Input material

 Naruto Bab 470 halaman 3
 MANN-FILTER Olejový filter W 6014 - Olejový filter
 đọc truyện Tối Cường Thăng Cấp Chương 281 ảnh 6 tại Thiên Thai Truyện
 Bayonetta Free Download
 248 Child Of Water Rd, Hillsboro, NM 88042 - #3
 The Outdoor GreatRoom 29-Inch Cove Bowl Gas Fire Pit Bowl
* * *
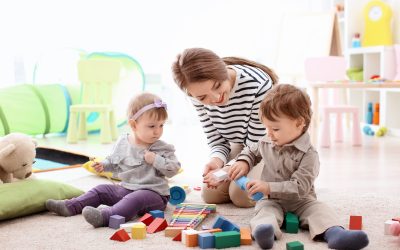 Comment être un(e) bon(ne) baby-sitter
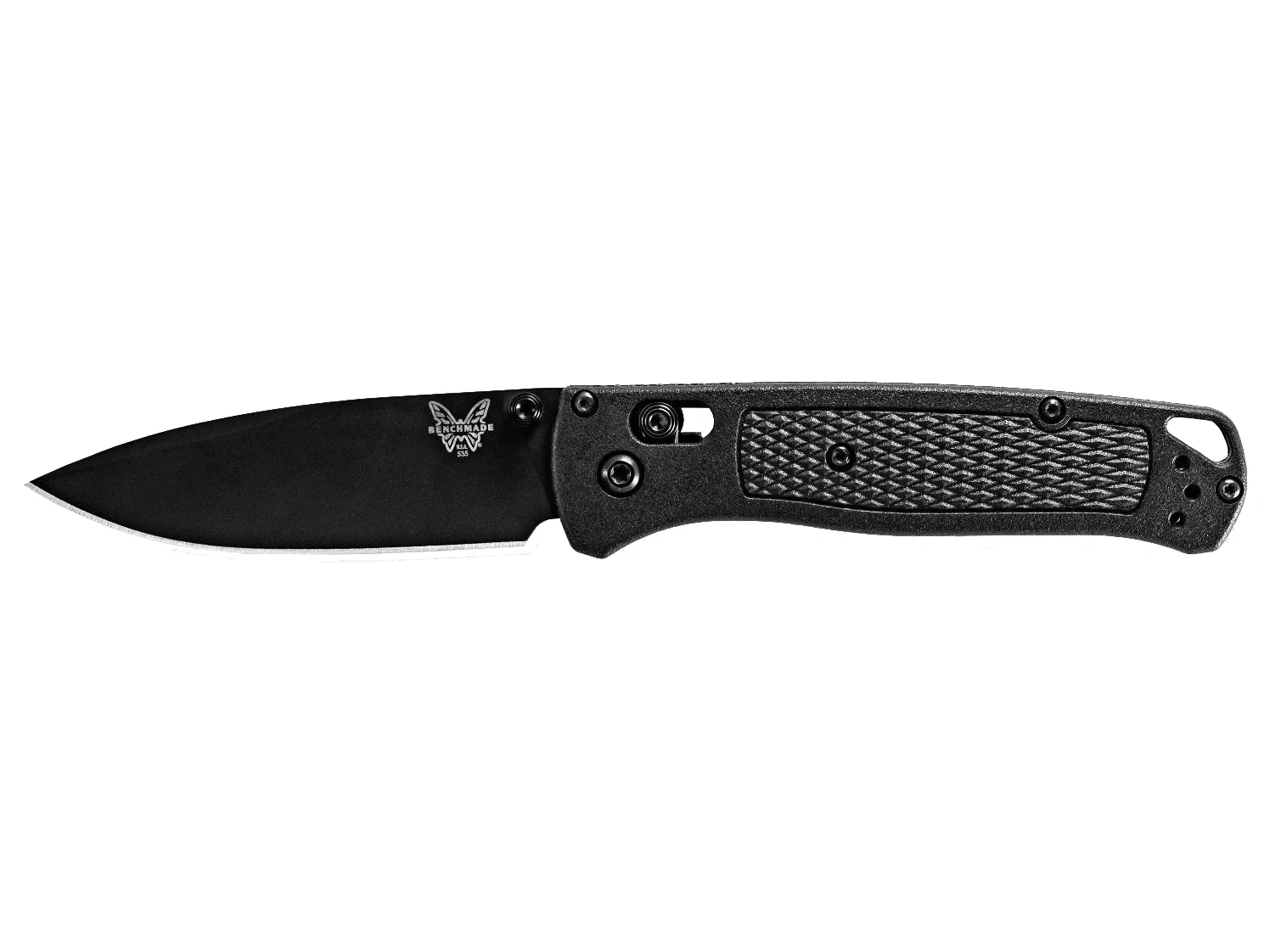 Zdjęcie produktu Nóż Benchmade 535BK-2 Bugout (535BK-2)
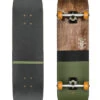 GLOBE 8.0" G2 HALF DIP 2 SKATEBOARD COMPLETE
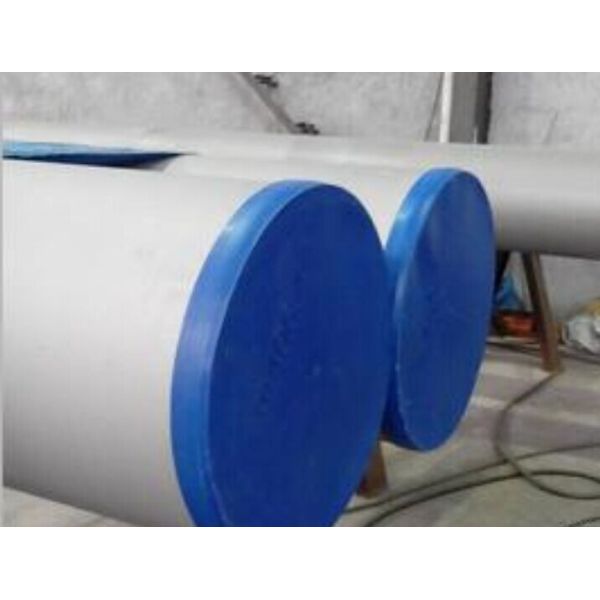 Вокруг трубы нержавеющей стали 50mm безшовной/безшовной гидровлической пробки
==
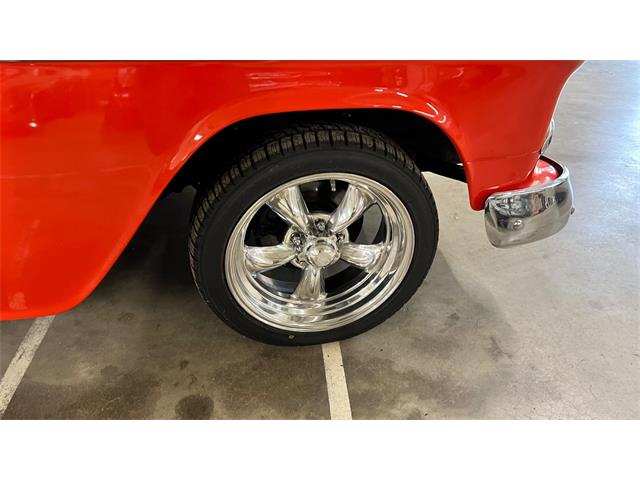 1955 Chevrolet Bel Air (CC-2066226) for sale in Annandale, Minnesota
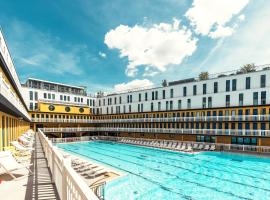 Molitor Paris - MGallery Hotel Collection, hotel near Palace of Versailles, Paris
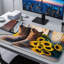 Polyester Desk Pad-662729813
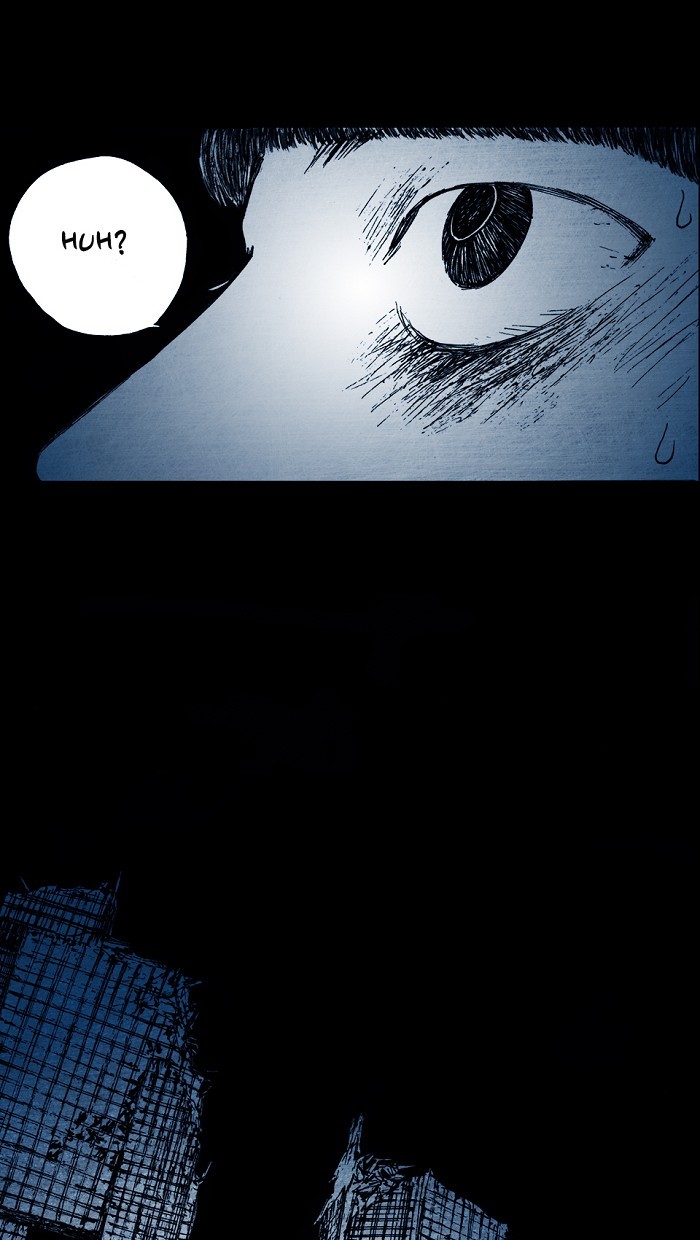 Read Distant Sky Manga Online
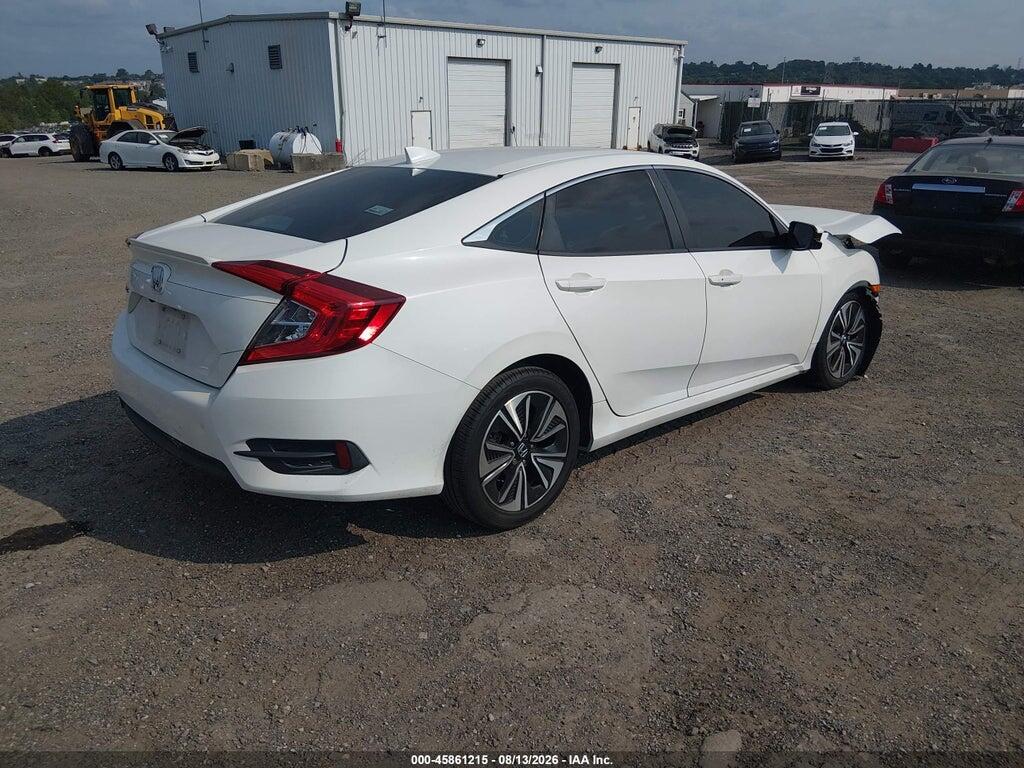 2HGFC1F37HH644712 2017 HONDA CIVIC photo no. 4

Problem
Return exactly the part of the listing above that opens with the line containing "1955 Chevrolet Bel" and closes with the line containing "2HGFC1F37HH644712 2017 HONDA". Pictures stay out.

Exercise answer
 1955 Chevrolet Bel Air (CC-2066226) for sale in Annandale, Minnesota
 Molitor Paris - MGallery Hotel Collection, hotel near Palace of Versailles, Paris
 Polyester Desk Pad-662729813
 Read Distant Sky Manga Online
 2HGFC1F37HH644712 2017 HONDA CIVIC photo no. 4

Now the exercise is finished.